- _YOUR TASK_
An exact transcription of all the data is required.

- _DATASET CONTENT_
# # # # # # #
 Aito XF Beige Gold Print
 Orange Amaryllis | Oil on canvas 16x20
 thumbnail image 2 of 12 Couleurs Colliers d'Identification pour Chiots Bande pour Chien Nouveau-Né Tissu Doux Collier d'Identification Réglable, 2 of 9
# # # # # # #
- _COMPLETED TASK_
 Aito XF Beige Gold Print
 Orange Amaryllis | Oil on canvas 16x20
 thumbnail image 2 of 12 Couleurs Colliers d'Identification pour Chiots Bande pour Chien Nouveau-Né Tissu Doux Collier d'Identification Réglable, 2 of 9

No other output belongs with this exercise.